Week of July 3, 2023

A weekly Saturday recap to share with you our favorite links, discoveries, exhibitions, and more from the past seven days. This week: a Japanese-inspired burger bar in Geneva, an avant garde planter expo in Antwerp, and a reimagined Sardinian home.

Interiors

The concept of “boro-boro” — the art of layering repaired materials to create a patchwork effect — is the leading idea behind Sando, a new Japanese-inspired burger bar in Geneva. (Side note: What’s with all the amazing burger bars lately?) A spatial design led by Sapid Studio involved renovating an existing restaurant in the same location, as well as precise demolition of key points to reflect the new concept. There’s a stainless-steel bar (a cue from omakase counters); hanging, recycled fabrics; natural bar stools; and stained birch throughout.

Pretziada, a creative practice in Sardinia, has merged the best of the past with the present in its latest venture, the historic renovation of a 1970s home in Sulcis. Located on the southwestern corner of the island dotted with sheep and wild lavender yet contrasted with unemployment and depopulation, Pretziada has rebuilt a once-decrepit structure for a new creative purpose. Local materials like a caned roof, stone walls, terracotta tile, lime plaster, and vintage and custom furnishings make it a contemporary homage to its location.

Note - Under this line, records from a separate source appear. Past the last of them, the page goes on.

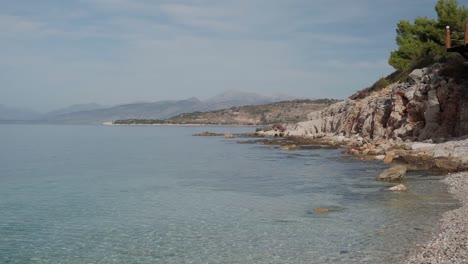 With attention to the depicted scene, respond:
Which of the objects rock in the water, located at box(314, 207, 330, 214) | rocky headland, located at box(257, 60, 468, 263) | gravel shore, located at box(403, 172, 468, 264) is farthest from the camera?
rock in the water, located at box(314, 207, 330, 214)

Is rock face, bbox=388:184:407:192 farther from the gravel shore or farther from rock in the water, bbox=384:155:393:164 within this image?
rock in the water, bbox=384:155:393:164

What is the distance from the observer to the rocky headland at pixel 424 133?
1575cm

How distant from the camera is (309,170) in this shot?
37.9m

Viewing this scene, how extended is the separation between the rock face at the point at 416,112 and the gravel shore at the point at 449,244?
30.2 metres

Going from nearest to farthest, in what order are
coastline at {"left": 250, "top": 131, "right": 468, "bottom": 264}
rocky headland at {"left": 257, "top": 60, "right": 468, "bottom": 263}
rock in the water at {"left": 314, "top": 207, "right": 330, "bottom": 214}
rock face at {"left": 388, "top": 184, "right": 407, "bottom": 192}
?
coastline at {"left": 250, "top": 131, "right": 468, "bottom": 264}, rocky headland at {"left": 257, "top": 60, "right": 468, "bottom": 263}, rock in the water at {"left": 314, "top": 207, "right": 330, "bottom": 214}, rock face at {"left": 388, "top": 184, "right": 407, "bottom": 192}

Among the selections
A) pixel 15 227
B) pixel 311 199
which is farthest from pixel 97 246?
pixel 311 199

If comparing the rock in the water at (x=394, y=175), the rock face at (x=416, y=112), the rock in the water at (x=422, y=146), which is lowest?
the rock in the water at (x=394, y=175)

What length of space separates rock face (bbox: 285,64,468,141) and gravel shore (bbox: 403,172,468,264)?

It’s time to think outside the (shoe) box. German-born, London-based product designer Tino Seubert has designed two spaces for luxury French shoe retailer, Free Lance. Glass brick walls, glass window displays with resin blocks, as well as minimalist industrial interiors are the perfect pedestal for the footwear in the Brussels store, while the brand’s Paris showroom features Kevlar, the material of choice for bulletproof vests, to upholster shelves and benches, a unique, high-tech, and futuristic leaning usage.

Discoveries

On July 6, CB2 unveiled a capsule collection, featuring some of the brand’s most coveted pieces. The Gwyneth Ivory Boucle Swivel Chair, a soft, high-end feeling seat with a vintage yet modern silhouette, Senza Lamp, a mushroom-shaped blown glass table lamp from Studio Anansi, and Babylon Brown Marble Bistro Table, a circular two-seater with luxe white and gray veining, make the cut.

The trade’s best kept furniture vendor is going public. LA-based RAD has worked with the likes of Nike, Sweetgreen, and Warby Parker for the last decade, providing durable powder-coated steel, commercial seating. Now, design-lovers can shop the pieces on a new direct-to-consumer e-commerce site, and to celebrate the launch, RAD has unveiled a new line of color-forward seating consisting of seven botanical-inspired tones.

The pastels have come to play. Italian designer Giovanni Botticelli has new colorful collections, including decorative, graphic, mirrors as part of his Murales series, and smaller, hand-crafted mirrors that draw the line between function and art. Both collections utilize glass-working techniques such as sandblasting and lacquering alongside steel powder painted components.

Ransom & Dunn‘s first homewares collection, Foundations, is a study in simple, timeless forms. Influenced by Neoclassical architecture and sculptural shapes and lines, the collection includes essential pieces for the living room from statement furniture to refined accessories like the oblong marble Petra Table and voluminous Sparta Sofa. Designers Julia Ransom and Johanna Dunn look at the collection as an opportunity for homeowners to purchase gallery-quality pieces.

Exhibitions

Planters are an archetypal yet underrated object. A new garden show in Antwerp, highlighting 14 artists’ work, aims to showcase unique planter iterations in a public space. Now open through July 16 in the courtyard of an apartment complex at the Groenplaats, geographical, architectural, and meteorological conditions further challenge the artists with their site-specific works.